Obs.: A ministra dos direitos humanos dos terroristas Maria "La Pecosa" do Rosário ficou chateada quando o ministro Nelson Jobim pediu investigação à Justiça Federal para localizar 5 "desaparecidos" políticos que supostamente devem estar vivinhos da silva. A propósito, em uma palestra onde eu estive presente (Seminário "40 anos do AI-5", em 2008), no anexo do Senado, o ex-ministro Jarbas Passarinho afirmou que ele, quando ministro da Educação, recebeu um pedido para arranjar emprego para 5 ex-integrantes da Guerrilha do Araguaia, o que foi feito. Provavelmente, muitos outros "aparecidos" políticos tidos como mortos deverão surgir, já que muitos terroristas mudaram de nome e de cara, para escapar do "justiçamento" dos próprios companheiros terroristas. (F. Maier).
From: studart@studart.blog.br
To: ttacitus@hotmail.com
Subject: RE: Começam a surgir os "aparecidos" políticos...
Date: Tue, 15 Feb 2011 11:34:48 -0200
Prezado Felix,
Agradeço ter enviado reportagem abaixo.
Estou envolvido nas buscas pelos desaparecidos do Araguaia.
Sobre aqueles que vc chama de “aparecidos”, lembro que em meu livro “A Lei da Selva”, fui o primeiro a levantar a questão da existência de possíveis cinco mortos-vivos do Araguaia.
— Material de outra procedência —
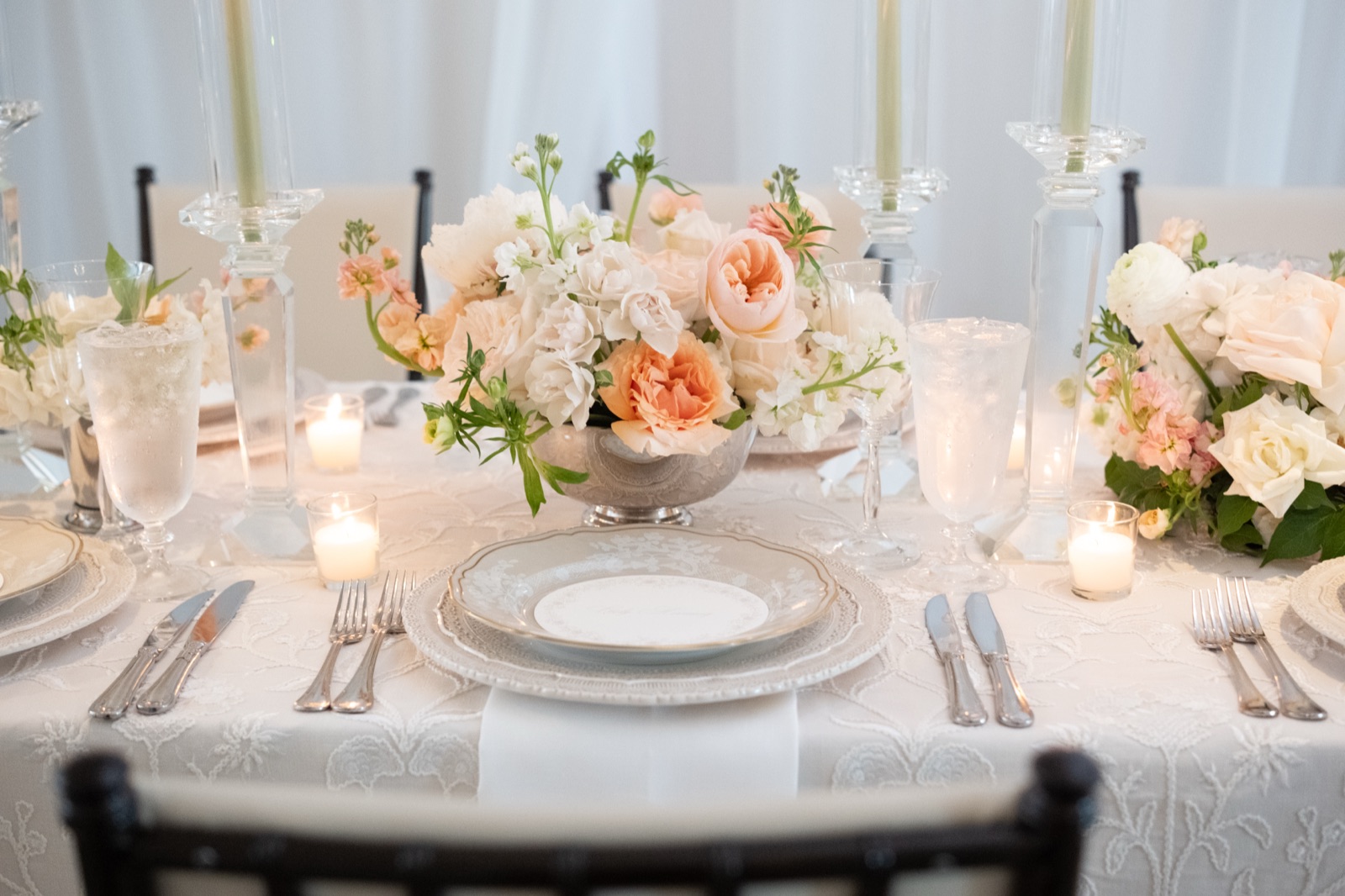 A gold-rimmed place setting with lace charger, monogrammed napkin, and peach florals beyond.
Também fiz a primeira entrevista com o Passarinho no qual ele toca no assunto (empregou no MEC, com identidades falsas, dois dos cinco mortos-vivos).
Tenho informações segura sobre três: Edinho (Helio Navarro), Duda (René Silveira) e Piaui (cujo nome completo me fugiu da memória neste instante).
No caso de Edinho, a família ainda o busca como vivo.
No caso de Duda, a família pegou indenização e luta bastante contra qualquer investigação sobre o assunto.